Grain and Barnes cite no case--and we can locate none--in which the outcome of an arbitrator's reasoned decision regarding the appropriate amount of an attorneys' fees award is viewed as a "matter of form." ***

[Limitations of Manifest Disregard.] Grain and Barnes principally argue that their award should be doubled, not because it implicates one of the enumerated grounds for modifying an award, but because it turned on a "manifest disregard of the law." This theory, however, appears nowhere in § 11, and the Supreme Court has recently explained that the enumerated grounds in §§ 10 and 11 provide the "exclusive" grounds for obtaining relief from an arbitration decision. Hall St. , 128 S. Ct. at 1406. To the extent that "manifest disregard" is "shorthand" for the grounds enumerated in § 11, as the Supreme Court suggested might be the case for some of the grounds listed in § 10, id. at 1404, that does Grain and Barnes no good. As we have shown, the enumerated grounds upon which they rely simply do not apply to their merits-based complaints about the award.

It is true that we have said that "manifest disregard of the law" may supply a basis for vacating an award, at times suggesting that such review is a "judicially created" supplement to the enumerated forms of FAA relief. See, e.g., Merrill Lynch, Pierce, Fenner & Smith, Inc. v. Jaros, 70 F.3d 418, 421 (6th Cir. 1995). Hall Street's reference to the "exclusive" statutory grounds for obtaining relief casts some doubt on the continuing vitality of that theory. But, either way, we have used the "manifest disregard" standard only to vacate arbitration awards, not to modify them. As we held in NCR Corp. v. Sac-Co, Inc. , "[a] court's power to modify an arbitration award is confined to the grounds specified in [FAA] § 11," 43 F.3d 1076, 1080 (6th Cir. 1995), which do not include "manifest disregard of law." See Thomas H. Oehmke, Commercial Arbitration § 132:1 (2008); cf. Major League Baseball Players Ass'n v. Garvey, 532 U.S. 504, 509-11, 121 S. Ct. 1724, 149 L. Ed. 2d 740 (2001) (noting that, in the labor arbitration context, neither procedural misconduct nor irrational findings by an arbitrator will justify a court's reformation of the arbitration of the award because the appropriate remedy in both situations is to remand the case for further arbitration).
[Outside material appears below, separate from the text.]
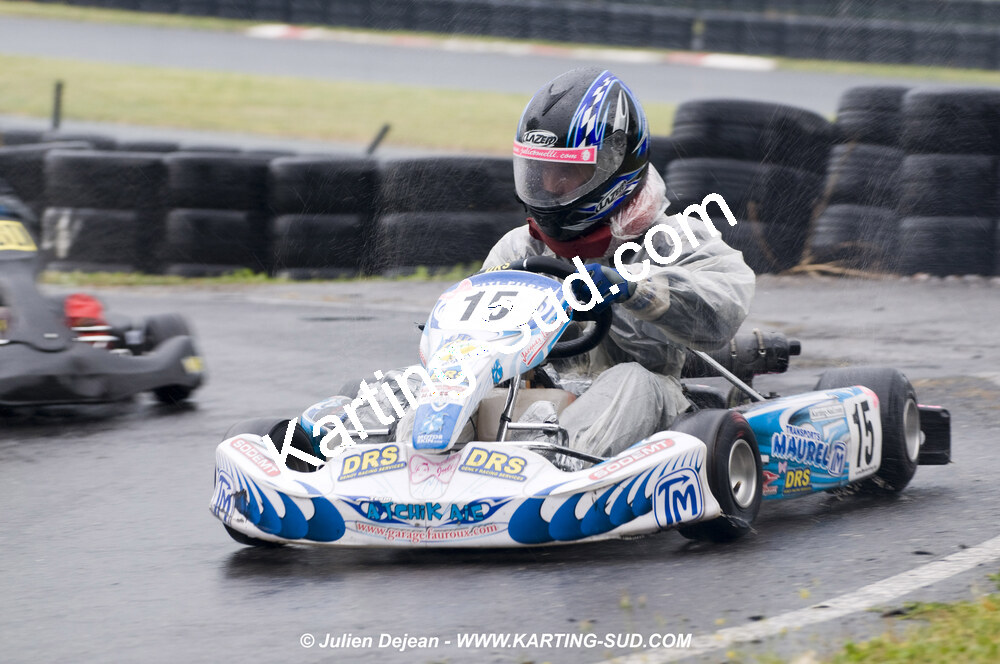 31/05/2009 : 3ème manche du Championnat du Sud 2009 à Belmont sur Rance (photos Julien Dejean) 2009 — karting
Grain and Barnes claim that we have repudiated the holding of NCR, but that is an overstatement. The two cited cases deal only with a court's power to vacate awards based on the "manifest disregard" standard, and neither one contains even a kernel of dicta supporting this theory. See Dawahare v. Spencer, 210 F.3d 666, 669 (6th Cir. 2000); Jaros, 70 F.3d at 421. Other cases, it is true, do contain dicta suggesting that a reviewing court may vacate or modify an arbitration award based on manifest disregard. But nothing turned on these casual remarks. In two cases, we noted in passing that an award may be modified based on manifest disregard, despite the fact that the parties were seeking only vacatur, not modification. See Elec. Data Sys. Corp. v. Donelson, 473 F.3d 684, 686, 691 (6th Cir. 2007); Buchignani v. Vining-Sparks IBG, No. 98-6692, 2000 U.S. App. LEXIS 3520, 2000 WL 263344, at *1-2 (6th Cir. 2000). Another case made a similar comment, without indicating that modification had been sought below and without concluding that modification was warranted. See Legair v. Circuit City Stores, Inc. , 213 F. App'x 436, 439 (6th Cir. 2007). By contrast, the vast majority of our decisions applying the manifest-disregard standard do so only to determine whether vacatur is an appropriate remedy. See, e.g., Coffee Beanery, Ltd. v. WW, L.L.C. , No. 07-1830, 2008 U.S. App. LEXIS 23645, 2008 WL 4899478, at *3 (6th Cir. Nov. 14, 2008); Donelson, 473 F.3d at 686, 691; Jaros, 70 F.3d at 421; Anaconda Co. v. Dist. Lodge No. 27, Int'l Ass'n of Machinists, 693 F.2d 35, 37-38 (6th Cir. 1982). NCR remains the law of this circuit and prohibits modifying an award based on an alleged "manifest disregard" of law.